In dialogo con queste versioni di Fede Galizia, è presente la Giuditta con la testa di Oloferne di Lavinia Fontana (1552-1614) del 1600, attualmente ai Musei civici d’arte antica, Museo Davia Bargellini a Bologna. Questa Giuditta, a differenza delle altre analizzate, ha lo sguardo rivolto verso lo spettatore, uno sguardo di ferma risolutezza e determinazione, specchio del gesto della sua mano sinistra che tiene per i capelli la testa pendente di Oloferne. Nella mano destra ha la spada, arma usata per tagliare la testa alla vittima, rivolta verso l’alto. La serva si trova in penombra quasi a mimetizzarsi con lo sfondo scuro. La giovane vedova ebrea indossa un vestito rosso con qualche drappo decorato e i gioielli ricamati sull’abito. Altri gioielli sono gli orecchini di perle e una molletta costellata da qualche perla. Rispetto a quelle precedenti, questa Giuditta nei vestiti è più sobria e lo sguardo è risoluto: questo dettaglio sottolinea il non pentimento del gesto commesso per liberare il suo popolo.
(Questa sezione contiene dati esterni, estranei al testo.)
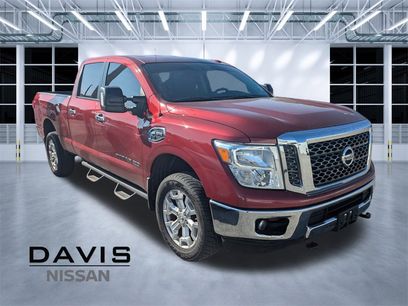 Used 2018 Nissan Titan SV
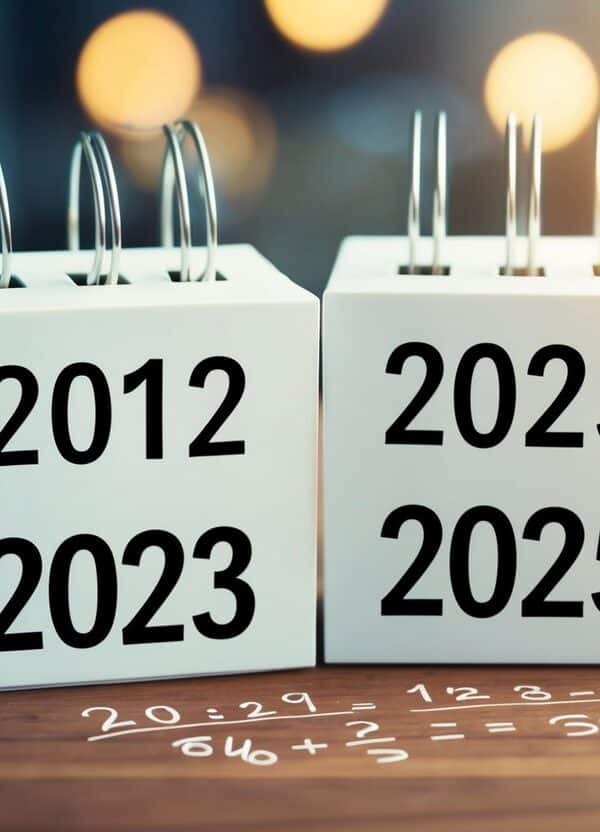 Quem nasceu em 2012 tem quantos anos em 2025?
Ecco che dunque la scelta di rappresentare il gesto di una donna come Giuditta non è casuale per le artiste prese in considerazione. Le donne artiste dal XV al XVII secolo non erano molto considerate. «Risultava accettabile che una donna facesse la contadina o la fruttivendola o la macellaia accanto al marito oppure, se lavorava a servizio, la domestica o la cuoca. […] Una donna che disegnava uomini nudi faceva scandalo. La legge non vietava alle donne di diventare “pittoresse”, per dirla con Vasari, ma se queste avessero deciso di farlo si sarebbero assunte tutte le responsabilità, rischiando di andare contro tutto e tutti» [3].

Leila Ghoreifi


[1] Giuseppe Nifosì, Arte in primo piano, Guida agli autori e alle opere, vol. 4, Editori Laterza, Bari, 2014, p. 876.
[2] G. Agosti, L. Giacomelli, J. Stoppa, Fede Galizia, Mirabile pittoressa, Trento, 2021, p. 133.
[3] Giuseppe Nifosì, Arte in primo piano, op. cit., p. 877.